Merging higher education

A grant-funded Educational Facilities Charette held over four days during April 1970 developed ideas for construction of the higher education complex. As part of Phase I, the building for Mattatuck Community College was to be completed first to accommodate the college’s rapid enrollment growth. Facilities for WSTC and the UConn Branch were to follow. Building began in 1972 for the Central Naugatuck Valley Higher Education Center. Construction of Phase II began in 1987, focusing on the learning resources center, music, art, auditorium, and student services.

The years 1971 and 1972 saw the offering of the early childhood education and the nursing programs. The temporary Post Office building on Harvester Road was converted for college use. Several prefabricated buildings were erected adjacent to WSTC so the college could move out of the high school. Full accreditation by the New England Association of Schools and Colleges (NEASC) was achieved. Fall 1972 enrollments at Mattatuck Community College were 1,433 full-time and 750 part-time students, the largest enrollment among the city’s three public two-year colleges. By the fall of 1977, with the exception of some classrooms and labs, the Mattatuck Community College Building was opened to house students, faculty, administration and staff at a single campus site.

Dr. Kinney retired in 1980, completing 13 years of campus leadership and growth. After a brief interim administration by Dr. Kenneth Summerer, the search for a new president ended with the September 1980 inauguration of Dr. N. Patricia Yarborough. She reorganized some of the college, prepared for NEASC’s 10-year accreditation visit, restructured counseling services, introduced self-paced instruction into the Learning Center, and established the Professional Development Center.

This period saw the incorporation of the Friends of Mattatuck, a fundraising group of the Regional Advisory Council which became the Mattatuck Community College Foundation. The college continued to expand its services to students and encouraged development of student activities, cultural events, and sports teams.

Dr. Yarborough resigned in 1982 to accept a position in private industry. The Board of Trustees once again appointed Dr. Kenneth Summerer as interim president, a position he held for the next two years during which time the college was awarded continuing accreditation by NEASC and the licensure of the Automotive Technician and Food Services Management program.

Dr. Richard L. Sanders became the third permanent president in July 1984. His tenure included the final plans for construction and appropriation of funds for Phase II, revision of the General Studies and Liberal Arts programs, growth in student financial aid, and the construction of an observatory.
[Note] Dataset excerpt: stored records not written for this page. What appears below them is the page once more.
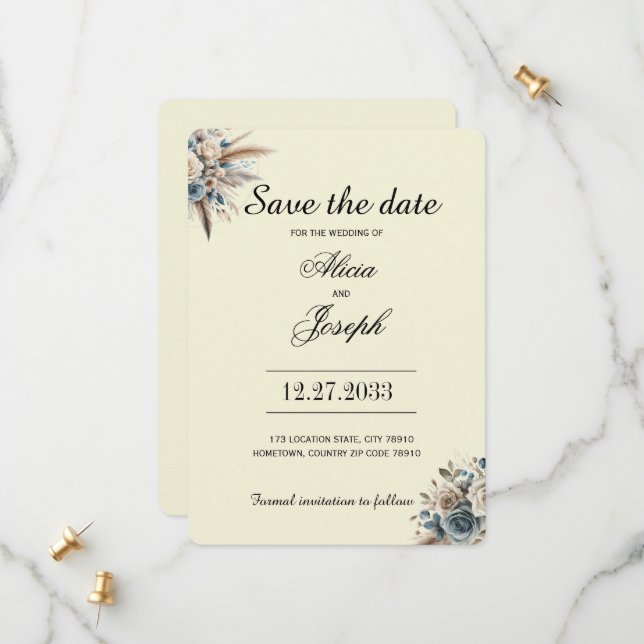 Boho Pampas Grass Save the Date (Devant/Arrière en situation)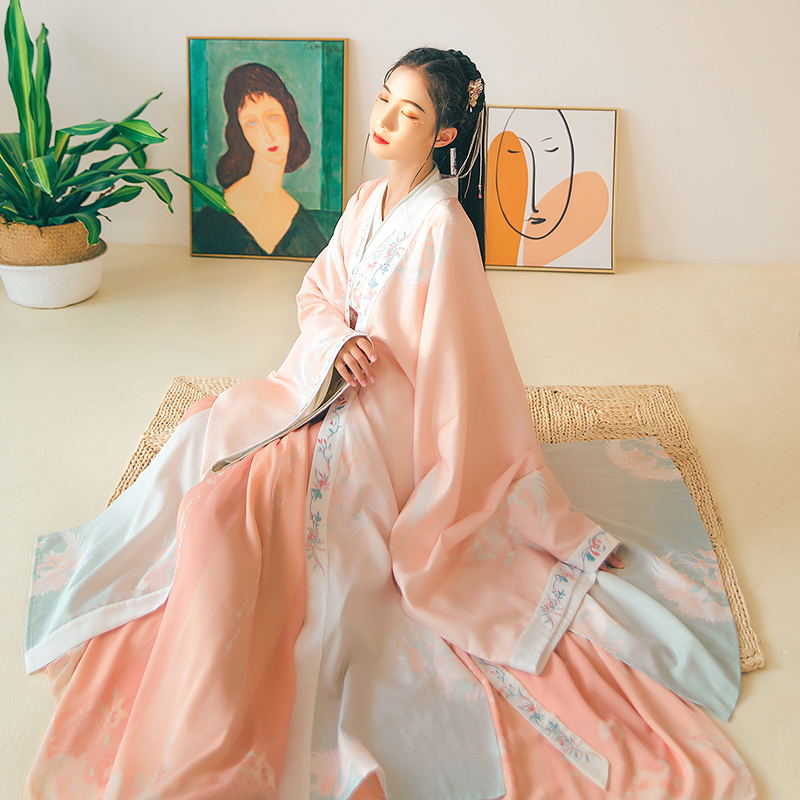 汉尚华莲同春交领衫裙褙子汉服女原创正品国风刺绣春秋售完不补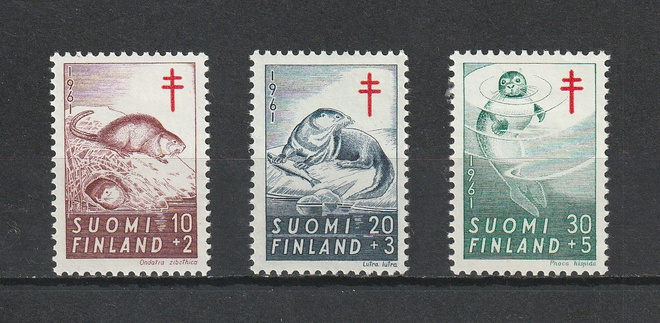 1961 Tubi-merkkisarja leimaamattomana**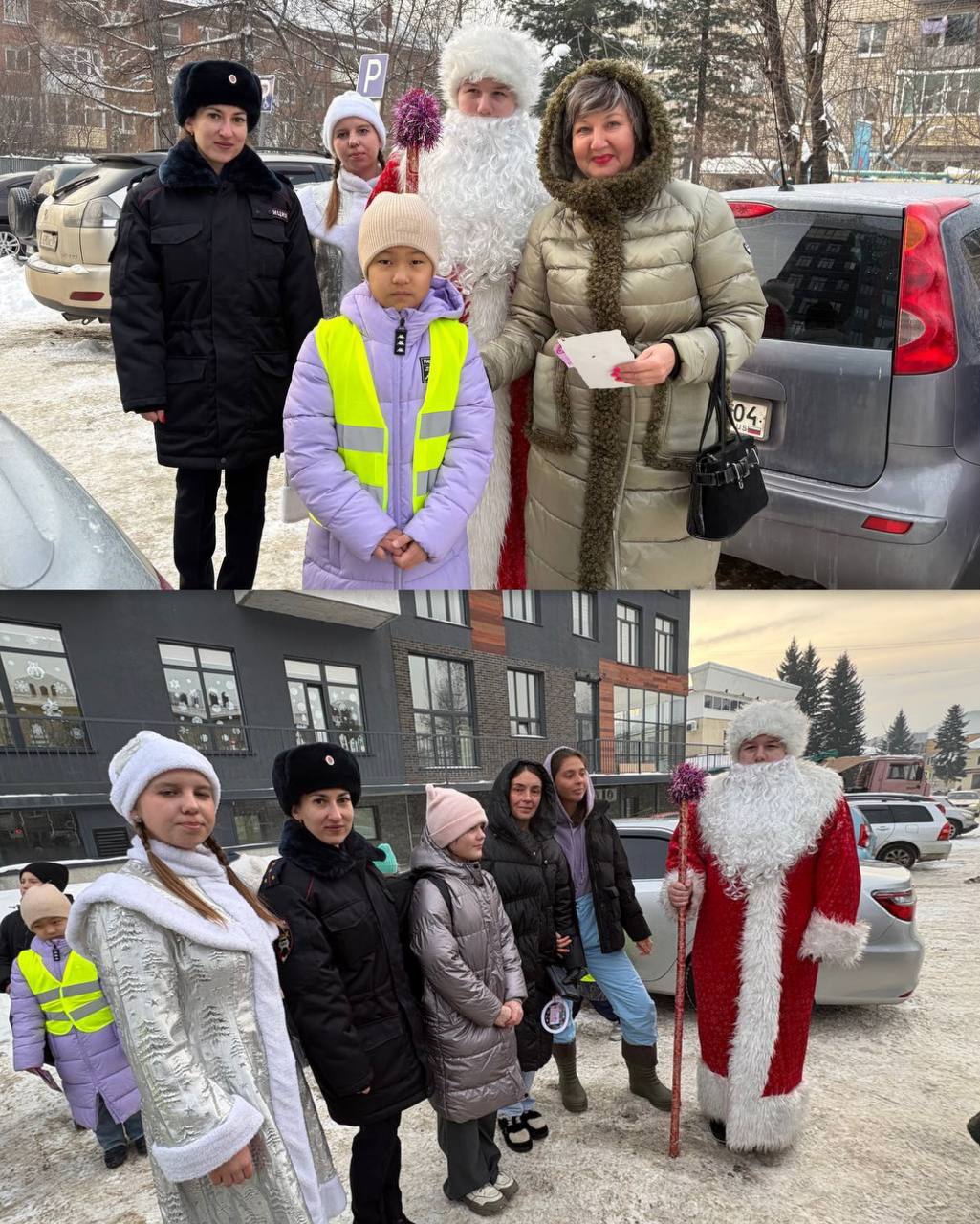 В г. Горно-Алтайске «Новогодний патруль»: Дед Мороз, Снегурочка и юные инспекторы вручили водителям подарки безопасности В г. Горно-Алтайске «Новогодний патруль»: Дед Мороз, Снегурочка и юные инспекторы вручили водителям подарки безопасности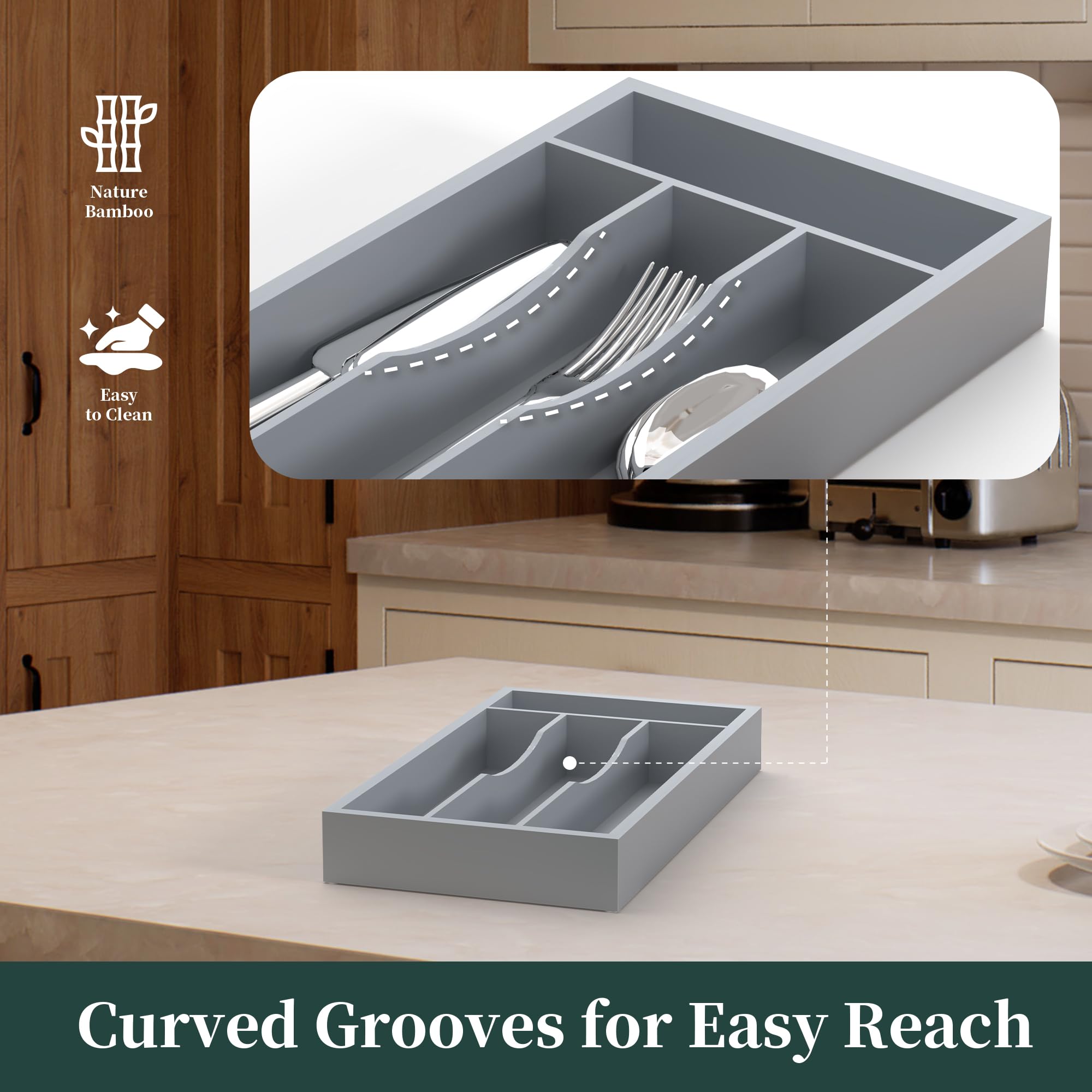 BEKVEM silverware organizer curved grooves keep spoons and forks in place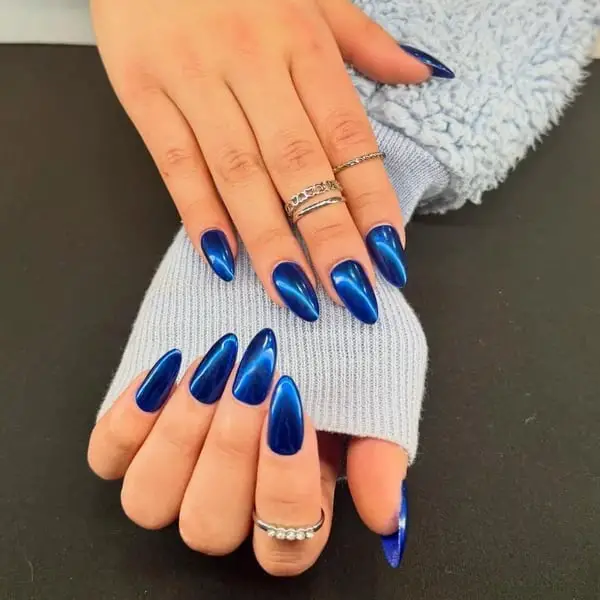 High Shine Medium Blue Chrome Stiletto — Simple Blue Chrome Nails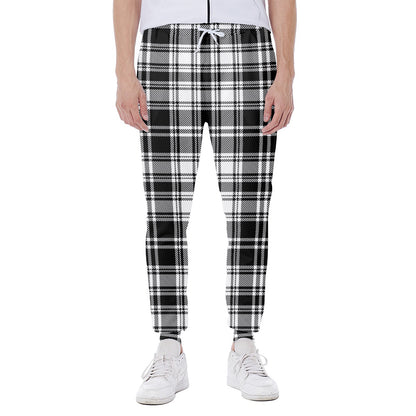 Black And White Plaid Pattern Print Scuba Joggers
By 1987, the college served a student body of over 5,000 credit and non-credit students and 200 faculty and staff.

The General Assembly’s 1989 legislation to consolidate the boards of trustees governing the technical colleges and the community colleges was followed in 1992 with the merger of Waterbury State Technical College and Mattatuck Community College. The merged college was called Naugatuck Valley Community-Technical College which was shortened in 1999 to Naugatuck Valley Community College (NVCC).

Naugatuck Valley Community College, then and now

Dr. Sanders retired in 2008. Shortly after, his previous efforts resulted in the construction of the new Technology Hall that replaced the “temporary” buildings that housed classes and special programs. Later that year the board named Dr. Daisy Cocco DeFilippis as the college’s fourth president. Her commitment to putting students first and her passionate expectations for student success have marked the first three years of her presidency.

President De Filippis's initial efforts improved the campus grounds and student spaces. The campus literally grew with the creation of six gardens which supported teaching and invited the community. Open spaces in all buildings were furnished with comfortable chairs, tables, and internet access. Students had more places to study, to relax, and to meet. The opening of the Academic Center of Excellence consolidated tutoring and other services so students could benefit from peer, faculty and staff support to succeed in their classes. The consolidation of counseling, career services, disability services, advising and testing into the Center for Academic Planning and Student Success (CAPSS) expanded student access to support services.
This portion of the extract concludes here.